GOAL OF THE EXERCISE: Leave the pictures in the listing below aside and reproduce exactly the lines starting with the one with "You can have" and going on through the one with "The reason why", both ends included.

RECORDS SUPPLIED:
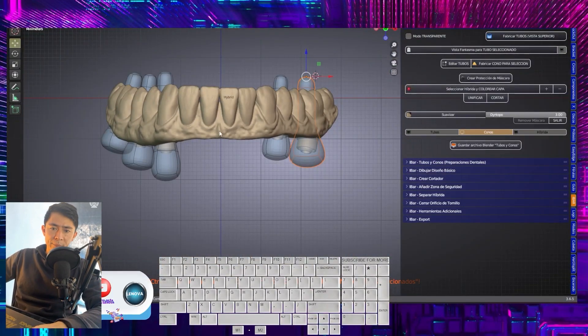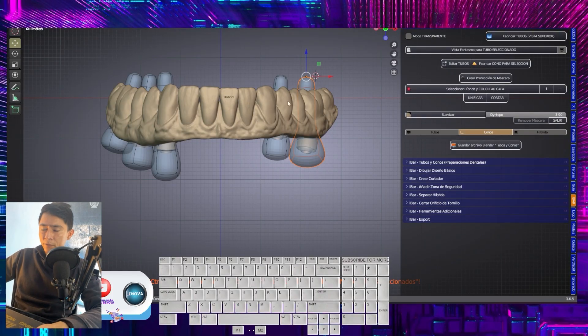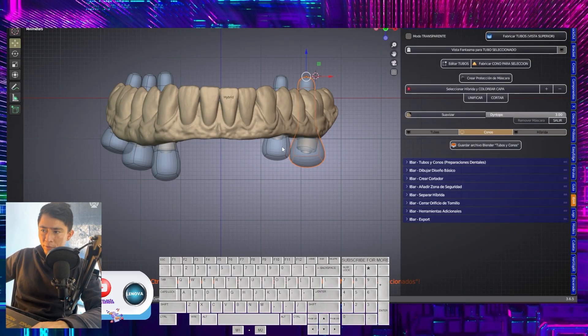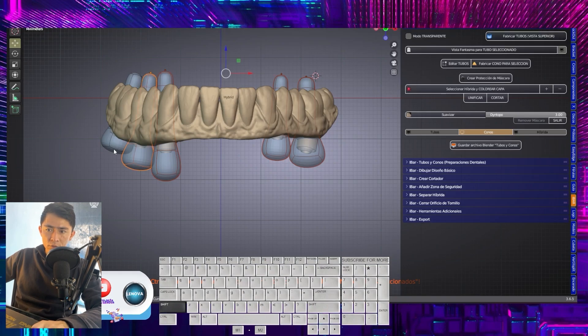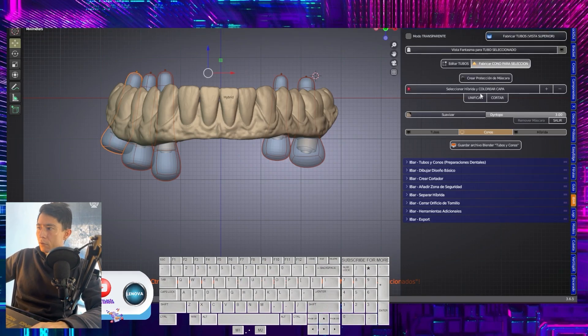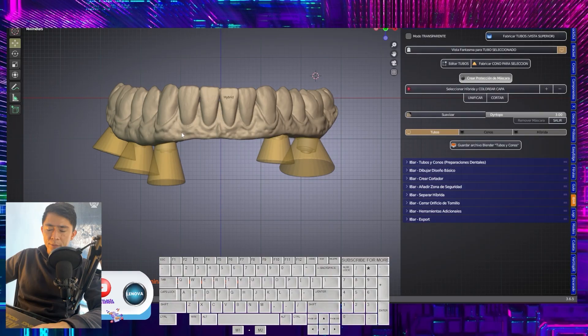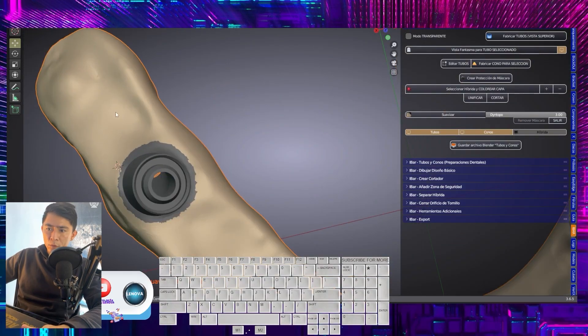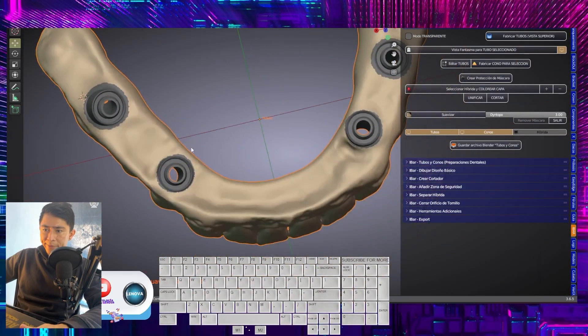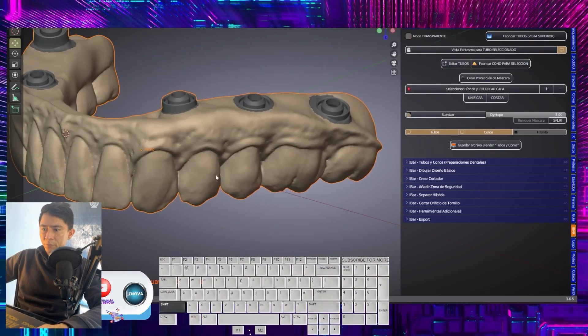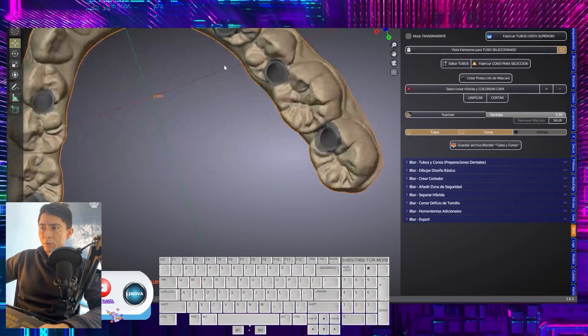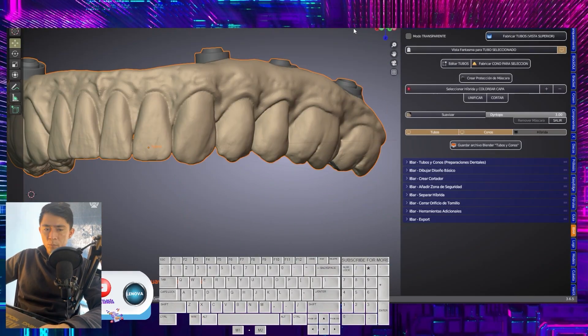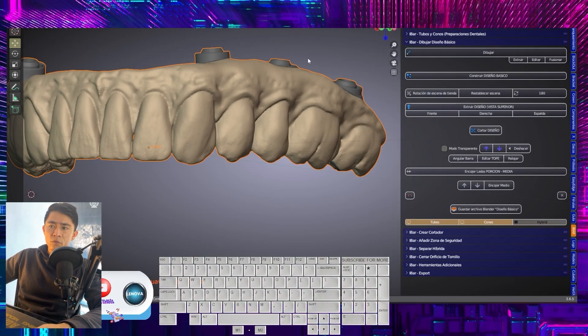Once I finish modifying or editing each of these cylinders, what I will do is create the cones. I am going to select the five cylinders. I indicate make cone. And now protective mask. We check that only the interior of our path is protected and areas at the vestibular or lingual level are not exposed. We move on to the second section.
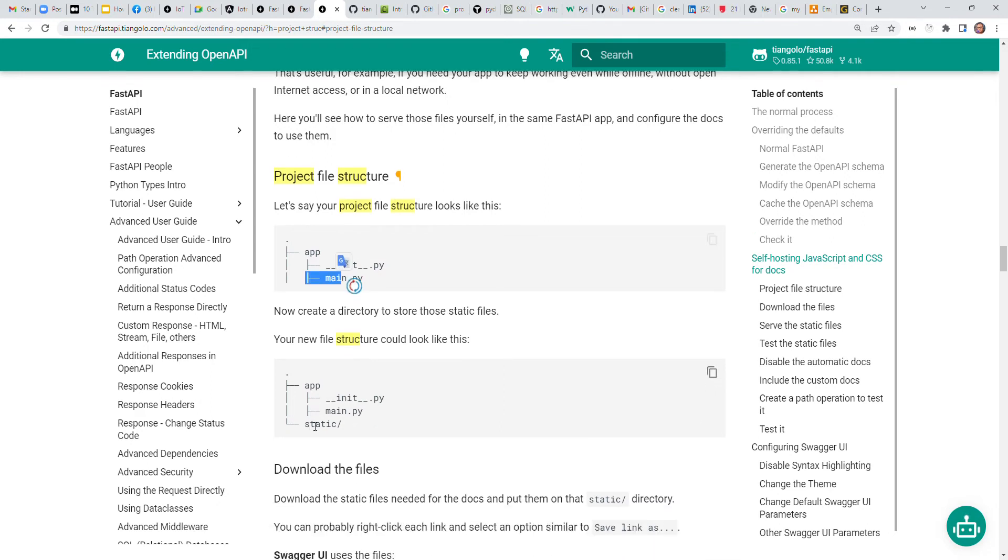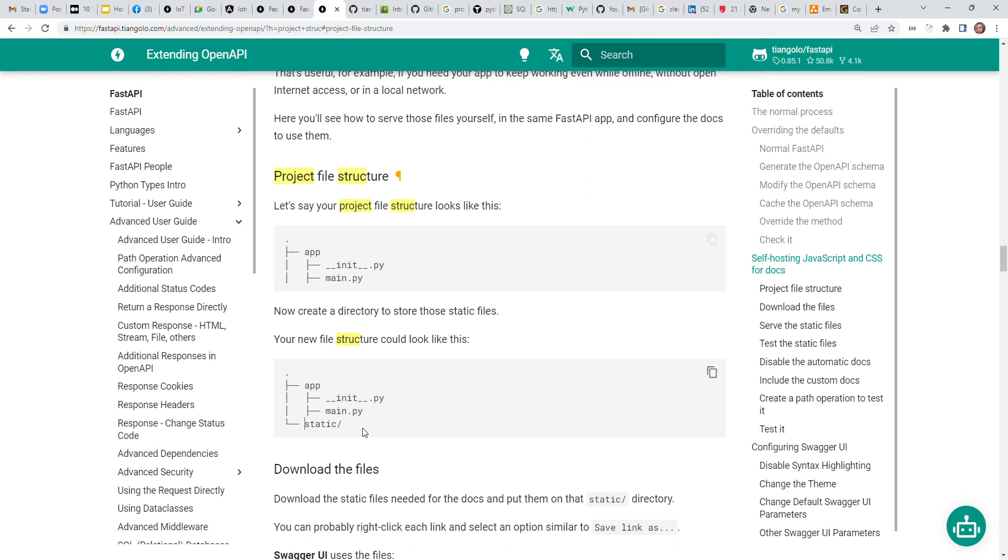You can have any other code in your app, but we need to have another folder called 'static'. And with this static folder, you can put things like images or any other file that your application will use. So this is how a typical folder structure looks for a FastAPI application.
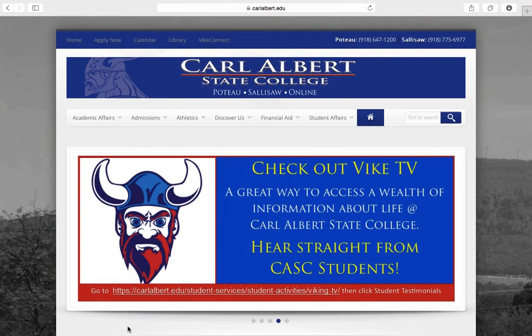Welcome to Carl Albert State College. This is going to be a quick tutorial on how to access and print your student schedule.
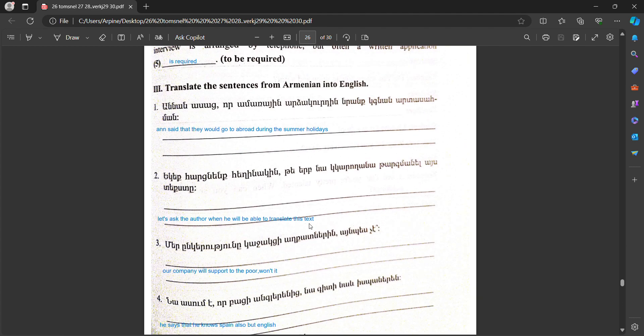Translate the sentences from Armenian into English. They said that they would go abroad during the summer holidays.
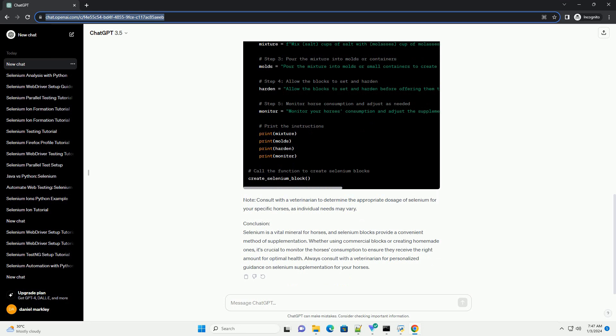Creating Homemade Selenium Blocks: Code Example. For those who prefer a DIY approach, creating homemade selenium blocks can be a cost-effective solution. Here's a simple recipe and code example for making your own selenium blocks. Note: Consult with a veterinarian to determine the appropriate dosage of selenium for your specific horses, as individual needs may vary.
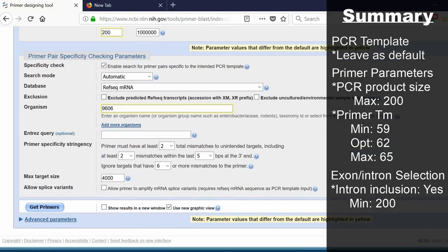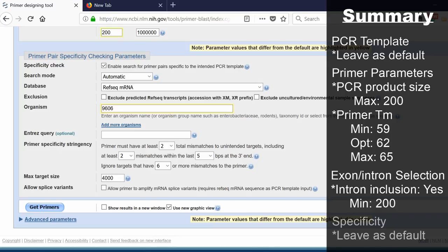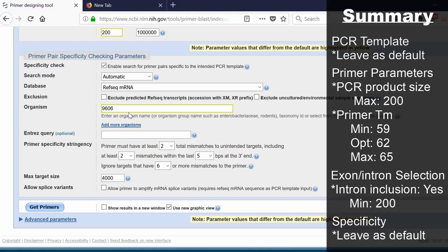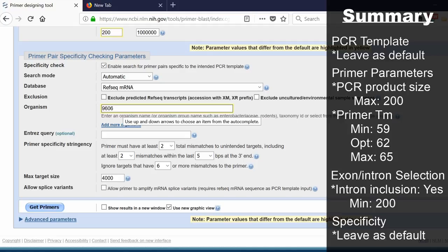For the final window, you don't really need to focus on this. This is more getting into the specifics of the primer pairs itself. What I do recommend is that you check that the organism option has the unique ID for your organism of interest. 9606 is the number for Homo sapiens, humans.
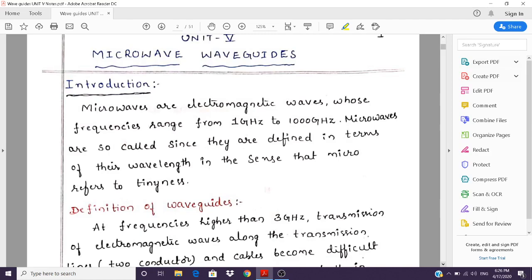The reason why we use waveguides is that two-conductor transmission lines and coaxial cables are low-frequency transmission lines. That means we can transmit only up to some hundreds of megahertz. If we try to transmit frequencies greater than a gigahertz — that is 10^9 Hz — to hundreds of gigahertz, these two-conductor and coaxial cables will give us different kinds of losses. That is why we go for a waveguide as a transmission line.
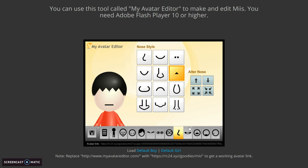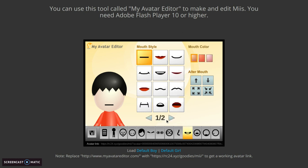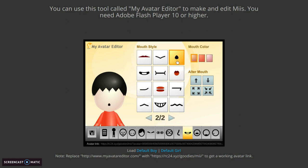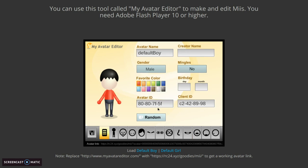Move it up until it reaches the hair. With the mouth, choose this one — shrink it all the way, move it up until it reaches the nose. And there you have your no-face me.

COMPLETED EXERCISE:
You can have any other code in your app, but we need to have another folder called 'static'. And with this static folder, you can put things like images or any other file that your application will use. So this is how a typical folder structure looks for a FastAPI application.
Welcome to Carl Albert State College. This is going to be a quick tutorial on how to access and print your student schedule.
Translate the sentences from Armenian into English. They said that they would go abroad during the summer holidays.
Creating Homemade Selenium Blocks: Code Example. For those who prefer a DIY approach, creating homemade selenium blocks can be a cost-effective solution. Here's a simple recipe and code example for making your own selenium blocks. Note: Consult with a veterinarian to determine the appropriate dosage of selenium for your specific horses, as individual needs may vary.
For the final window, you don't really need to focus on this. This is more getting into the specifics of the primer pairs itself. What I do recommend is that you check that the organism option has the unique ID for your organism of interest. 9606 is the number for Homo sapiens, humans.
The reason why we use waveguides is that two-conductor transmission lines and coaxial cables are low-frequency transmission lines. That means we can transmit only up to some hundreds of megahertz. If we try to transmit frequencies greater than a gigahertz — that is 10^9 Hz — to hundreds of gigahertz, these two-conductor and coaxial cables will give us different kinds of losses. That is why we go for a waveguide as a transmission line.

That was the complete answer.